My conclusions are that the weasel and stoat should be the only enemies introduced, unless the black-footed ferret of the prairies, mentioned by Sir James Hector,* is devoid of the knowledge of tree-climbing, which presumably it would be, as those regions are mostly almost without timber. It is possible this may be the small hardy, dark-coloured ferret I used in England when a boy, which I was told was a cross between the ferret and polecat, and which was obtainable in England some forty years ago.
[Since this paper was written I have turned up the following in a book, “The Oxonian in Norway,” written by the Rev.

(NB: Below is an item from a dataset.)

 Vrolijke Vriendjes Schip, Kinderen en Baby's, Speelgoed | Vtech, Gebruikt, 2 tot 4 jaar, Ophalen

Frederick Metcalf, M.A., second edition, published 1857, page 87. After remarking on ·3 being paid in Norway for each pair of the claws of the golden eagle, he says, “Surely this is a more sensible arrangement than that of those numskull churchwardens of —–, who pay for sparrows' heads out of the church-rates, although a pair of them, while feeding their young, destroy, according to Buffon, four thousand caterpillars weekly.” Mr. Metcalf and Buffon side with the sparrow; but I certainly agree with the churchwardens. There are plenty of real insectivorous birds; so there is no need to rely on the doubtful aid of the sparrow.]
[Footnote] * Trans. N.Z. Inst., vol. xxii., p. 321.